Ce qui a été réuni peut-il être à nouveau séparé ?

Après la guerre du Liban contre le Hezbollah, en 2006, le chef du gouvernement avait réuni ses ingénieurs de l’armement et ses industriels pour leur dire : « Nous venons d’essuyer des pluies de roquettes meurtrières, il faut nous trouver la parade. » Celle-ci n’était pas prête en 2009, quand a eu lieu l’opération sur Gaza pour détruire les positions du Hamas. Maintenant, elle l’est. Les ingénieurs israéliens ont mis au point des batteries de missiles reliées à des dispositifs d’alerte radar hypersophistiqués (voir notre article dans Valeursa ctuelles du 21 avril) permettant d’intercepter les roquettes. En 1991, lors de la première guerre du Golfe, les Américains avaient mis à la disposition des Israéliens, mais servis par des soldats américains, des systèmes Patriot pour détruire en vol les missiles Scud envoyés par Saddam Hussein sur les villes israéliennes. Les Patriot faisaient mouche une fois sur deux. L’autre semaine, neuf roquettes déclenchées par le Hamas devaient s’abattre sur Ashdod ou Beersheba: huit ont été détruites par les batteries du système Dôme de fer. Efficacité à 90%. De nouvelles batteries vont être livrées pour protéger d’autres agglomérations.
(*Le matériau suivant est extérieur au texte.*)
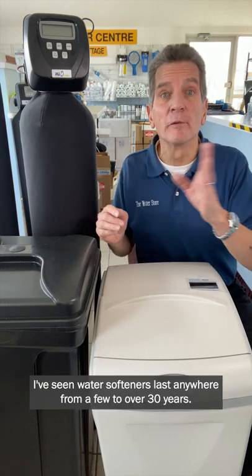I've seen water softeners last anywhere from a few to over 30 years. So what's the difference? What determines how long they're going to last?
Mais à côté de ce barrage antimissile, forcément coûteux (205 millions de dollars la batterie), les Israéliens en ont installé un autre, plus rustique, destiné celui-là à arrêter les attentats suicide et les voitures piégées. Un mur de béton gris cerne la capitale et sépare les territoires palestiniens des terres israéliennes. Ce n’est pas le mur de Berlin mais, depuis sa construction et la mise en place des contrôles au passage des personnes et des véhicules, le nombre des attentats est tombé quasi à zéro (celui de l’autobus à la gare routière de Jérusalem, le 23 mars dernier, a été d’autant plus spectaculaire qu’il ne s’en était pas produit depuis trois ans).
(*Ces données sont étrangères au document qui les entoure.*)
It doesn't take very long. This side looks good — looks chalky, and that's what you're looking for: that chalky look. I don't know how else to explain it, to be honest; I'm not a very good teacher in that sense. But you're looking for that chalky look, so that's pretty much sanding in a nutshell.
L’État hébreu est ainsi engagé dans ce que Michel Gurfinkiel appelle une « course-poursuite permanente » pour préserver sa sécurité, celle des siens, celle des touristes et des pèlerins en Terre sainte, et protéger le développement de son économie (le PIB est de 200 milliards de dollars). Course-poursuite non seulement en termes de technologie militaire, l’alliance de l’arme et de l’intelligence artificielle, mais aussi en termes diplomatiques et politiques avec les groupes de pression propalestiniens et arabes, qui ont à leur disposition le pétrole, leurs fonds souverains, leurs commandes d’armements… Pas seulement avec eux, mais aussi avec certains cercles américains très influents, pour lesquels Israël représente un obstacle à la paix en Orient, avec les entourages du président des États- Unis, ou même avec les ambitions d’un Barack Obama, dont le second prénom est Hussein, et son projet de ramener l’opinion musulmane dans l’orbite américaine…

Israël peut-il perdre cette course poursuite ? Doit-il se préparer à une douzième guerre qui le submergerait ? « À la fin des temps, dit le prophète Zacharie cité par Michel Gurfinkiel, toutes les nations se ligueront contre Israël. Elles monteront à l’assaut de Jérusalem et prévaudront : “Voici, le jour de l’Éternel arrive […]. Je rassemblerai toutes les nations vers Jérusalem, pour faire la guerre ; la ville sera conquise, les maisons pillées, les femmes violées. La moitié de la ville sera envoyée en exil, mais le reste du peuple ne sera pas retranché de la ville.»

Mais Jérusalem l’éternelle ne porte-t-elle pas déjà sur ses flancs, en son coeur même, les cicatrices des batailles livrées au long des siècles, ces deux vallées comblées par ses remparts ruinés et ses quartiers ravagés ? La ville n’a jamais cédé ni cessé de se rebâtir. Au jourd’hui même, elle est toujours couverte de grues. Les Israéliens continuent de restaurer et de reconstruire. Les Romains bâtissaient, ils construisent comme des Romains.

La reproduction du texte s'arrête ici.